Phaéton was the last of Philippe Quinault’s librettos for Lully to be based on Ovid’s Metamorphoses. After its premiere at Versailles on January 6, 1683, it opened at the Opéra in April. Known as ‘the people’s opera’, it was revived many times, right up to 1742. It has been well served on CD: here is another version, complementing the DVD of a staging from the 18th-century Opéra Royal at Versailles. The performance is a joint venture between Le Poème Harmonique and MusicAeterna, the early music ensemble based in Siberia.

The tale is one of hubris. Phaéton rejects Théone, not out of love but because he sees marriage with Lybie, daughter of king Mérops, as his path to the throne. This provokes the wrath of Epaphus, who taunts Phaéton by casting doubt on his parentage. The Sun confirms that he is Phaéton’s father, but the young man demands more: he drives the Sun’s chariot across the heavens and, losing control, is struck down by Jupiter. And yet his fate is both inevitable and desired: it’s predicted by the sea god Protée, and Phaéton himself says that he would prefer a brilliant death to an obscure life.

In the Prologue, Saturn invites the goddess Astrée to return to the Earth, from which she was expelled long ago, as a new golden age has emerged under ‘the greatest of heroes’. This is, of course, the usual extolling of the unnamed Louis XIV. The director, Benjamin Lazar, provides a connection with the opera proper by making the ensuing story a flashback. Astrée is seated at a table with a globe and a revolver: puzzling, but all is made clear at the end of the opera.

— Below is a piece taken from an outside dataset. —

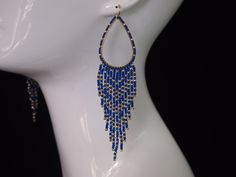 a white mannequin head with blue beaded earrings on it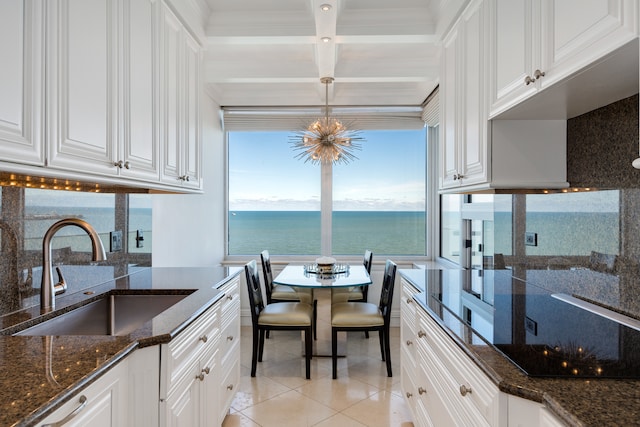 kitchen featuring white cabinetry, sink, a water view, and decorative light fixtures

The scenery and costumes are a mixture of old and new, with some lavishly neoBaroque headgear. The video projections are variably successful. In the Prologue, children at play conjure up idyllic scenes of childhood, and the final conflagration is imaginatively done. But the Chaconne in Act 2 is not enhanced by images of soldiers marching and goose-stepping, followed by a parachute drop; likewise the Bourrée in Act 5, which is accompanied by – among other things – shots of the Queen and the Duke of Edinburgh hailed by enthusiastic crowds.

Benjamin Lazar has worked with Vincent Dumestre before. As in the Molière/Lully Le bourgeois gentilhomme (Alpha, 5/06) – I haven’t seen Cadmus et Hermione (Alpha, 2/09), but I imagine the same is true – the singers employ 17th-century pronunciation: so that, for instance, the last letters of ‘vous’ and ‘voulez’ are sounded, and ‘foi’ comes out as ‘fwé’. And there is much stylised gesturing, sometimes synchronised.

The ambitious, headstrong Phaéton is not a sympathetic character. Mathias Vidal is good at showing his resentment and his sense of entitlement; a more appealing side is shown when he reflects on his cruel treatment of Théone – and how tenderly he is accompanied by the strings! When Phaéton tells the Sun that he is not frightened by death, Vidal’s hushed tones are even more effective than Emiliano Gonzalez Toro’s vigorous proclaiming on Christophe Rousset’s CD recording. The other haute-contre is Cyril Auvity: he is in slightly better voice on the Rousset, where he takes the same three roles.

Éva Zaïcik and Victoire Bunel are excellent as Lybie and Théone, neither of whom is getting the man she wants. Their Act 1 duet on the difficulties of love is nicely observed. Léa Trommenschlager is a formidable Climène, first encouraging her son, then anxious when Protée – a seedy portrayal by Viktor Shapovalov – foretells his death. The most moving moment in the opera comes in the scene towards the end where Lybie and Epaphus – powerfully performed by Lisandro Abadie – face permanent separation.

The Russian chorus and the Franco-Russian orchestra perform well for Vincent Dumestre, though to my ears the playing of the recorders in the ‘sleep’ scene is slightly sharp. There are one or two cuts, as there are on the Marc Minkowski recording. For a CD-only version, you couldn’t go wrong with either Minkowski or, even better, Rousset. If you want a DVD this staging, despite its oddities, will not disappoint. And, oh yes, the revolver: rather than a thunderbolt from Jupiter, it’s a pistol shot from Astrée that dispatches the hapless Phaéton.